Laurent Bossavit critiques the programmer productivity studies in his book The Leprechauns of Software Engineering: How folklore turns into fact and what to do about it (2013, Lean Pub, download the book here). Bossavit spends two chapters exploring the literature on the 10x claim. He points out flaws in many of the studies, including measuring time to completion in one study and number of lines of code generated in another (obviously dissimilar objectives) and comparing programmers in machine language with those using Algol.
Dickey pointed out that the 28:1 ratio was observed because "subject 7 required 170 hours to program the ‘algebra’ program in a batch environment, in machine language (while) subject 3 required 6 hours to program the same problem in JTS (ALGOL) in a time-shared environment."

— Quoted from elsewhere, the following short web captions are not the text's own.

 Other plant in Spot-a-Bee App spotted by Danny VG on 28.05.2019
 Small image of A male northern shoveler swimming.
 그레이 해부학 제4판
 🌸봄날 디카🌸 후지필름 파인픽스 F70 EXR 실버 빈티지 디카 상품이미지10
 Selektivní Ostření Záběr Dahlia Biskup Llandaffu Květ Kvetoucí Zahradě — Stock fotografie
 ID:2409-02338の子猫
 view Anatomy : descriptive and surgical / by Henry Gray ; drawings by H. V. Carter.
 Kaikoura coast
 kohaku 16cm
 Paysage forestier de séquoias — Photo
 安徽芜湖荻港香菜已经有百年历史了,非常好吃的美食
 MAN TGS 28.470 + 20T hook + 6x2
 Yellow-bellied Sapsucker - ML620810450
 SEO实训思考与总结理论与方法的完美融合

Sackman shouldn’t have directly compared the best and worst performances in the entire set, argued Dickey, but rather the best and worst among programmers placed by the experimental setup under comparable conditions.
Dickey concludes: "After accounting for the differences in the classes, only a range of 5:1 can be attributed to programmer variability."
There's a Better Question to Ask
Bossavit argues that the studies cited in support of the 10x claim are poorly done, with no replication of any result — an important part of any scientific claim. Part of what makes the studies poor is inconsistency. Just as it’s hard to tell what we mean by "better," there is no clear way to measure programming "productivity." Lines of code? Should it be more lines, or fewer lines that achieve the same objective? Or maybe more correct lines of code? Less time to completion? Less time to debug? He ends his discussion of the 10x claim with this statement:
The 10x claim is "not even wrong", and the question of "how variable is individual programmer productivity" should be dissolved rather than answered.
I agree with his recommendation, but for a different reason.
None of the cited studies controlled for expertise or training. In other words, they might be comparing people with decades of experience to those newly hired. Even those studies that occur in classroom settings do not account for time spent developing expertise in computing outside the classroom (which we know from decades of studies can be sizable — see discussion here).
While there is little sound empirical evidence arguing for the 10x difference, I am not worried that there might be a magnitude of difference between the best and worst programmers. It’s simply the wrong question to ask. The important questions are: How did the best programmers get so good? Can we replicate the process?
In any field, there is a difference between the best and worst practitioners. There is no reason to believe that the differences are somehow "innate," that there are people who are born programmers. (I have made this argument before.) There is every reason to believe that we can design educational opportunities to develop the best programmers! Few of the "best" programmers today got there through intentional educational interventions. Computing educators aim to understand how the "best" got there, and how to provide educational opportunities to get there. Education is a design problem. Computing education is still quite new, and we have a long way to go to catch up. We are just starting to learn how to teach computing and programming better.
From Joel Spolsky’s and Alan Eustace’s perspective, I understand why they want to hire the very best programmers available. But from our perspective as computing educators, that’s the wrong direction. Rather than filter for just the best and send them off to industry, we need to figure out how to help students become the best.